Billed on NYC Indymedia as a chance to "strike at the Achilles heal of the war machine!", the small street demo drew far more cops than anarchists. But for the Army and Marine recruiters milling outside their empty offices on Flatbush Avenue, it was yet another hurdle in a job that's getting tougher by the day.
From San Francisco, where voters just passed a measure aimed at kicking recruiters out of public schools and off college campuses, to East Harlem, where about 75 people gathered to protest the opening of a new recruiting office on East 103rd Street, recruiters are finding themselves in the crosshairs of the anti-war movement.
Buoyed by falling enlistment rates, peace activists of all stripes now see draining the supply of new soldiers as a more hands on way to stop the war in Iraq.
"It's better than marching around in circles," said Brian, a dumpster-diving squatter from Brooklyn as he pressed leaflets and pamphlets on high school kids and other passersby in hopes of dissuading any potential new GIs.
In the past year, Army enlistment has fallen off target by more than 6,600 soldiers, the biggest shortfall since 1979. Recruiting for the National Guard and Army Reserves has been worse.
Among African Americans, Army enlistment has dropped by 40 percent since 2000, a fact not lost on the recruiters posted in Flatbush. "We don't have the revolving door any more," said Army staff sergeant Arrindell, a Brooklyn native who also declined to give his first name. "Before a lot of people were walking in. Now you really have to go out and hustle."

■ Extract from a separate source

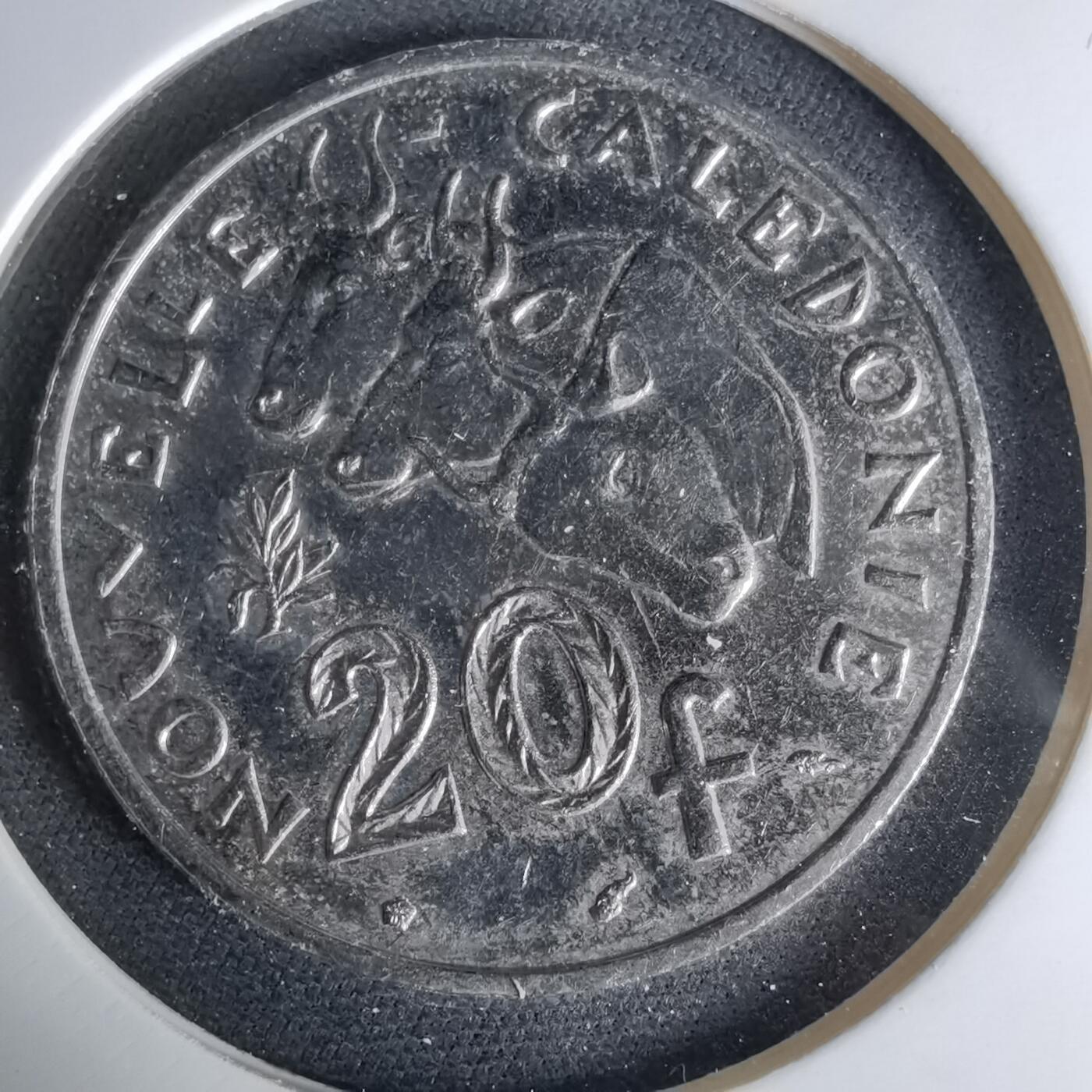 沼泽如烟--第1041场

Arrindell shrugged. "Nobody in New York has anything good to say about the war," he said.
"If we continue at this pace, guess what's next: a draft," an African American sergeant sitting at the desk next to him chimed in. "What are we going to do then as a country -- are people going to Canada? Then you've actually forced the government to do that, because you've stopped the people who want to voluntarily serve by giving them a lot of flak for it. What kind of democracy would we have then?"

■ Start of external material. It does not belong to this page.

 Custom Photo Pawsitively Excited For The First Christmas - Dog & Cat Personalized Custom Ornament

Talk of crisis within the ranks only heartened the anarchists demonstrating outside. "Bring it on -- I would love a draft," said Wesley Everett, a 31-year-old from Queens who helped organize the protest. "It would expose how pathetic their war agenda really is.
"People sign up for two years' service but they can be called up for eight under the stop-loss program -- so that already is a draft. Poverty is a draft," he continued, echoing a complaint by Harlem Congressman Charlie Rangel, who has advocated reinstating a universal draft as a means to check the Bush Administration's militarism.
As Rangel and others have argued, the U.S. would be out of Iraq already -- or might never have gone in -- if children of the middle and privileged classes were forced to serve.
Helping the Enemy?
Of course, the thought that the military could be backed into a corner like this has alarmed war supporters, who have echoed President Bush's charge that the anti-war movement is helping the enemy.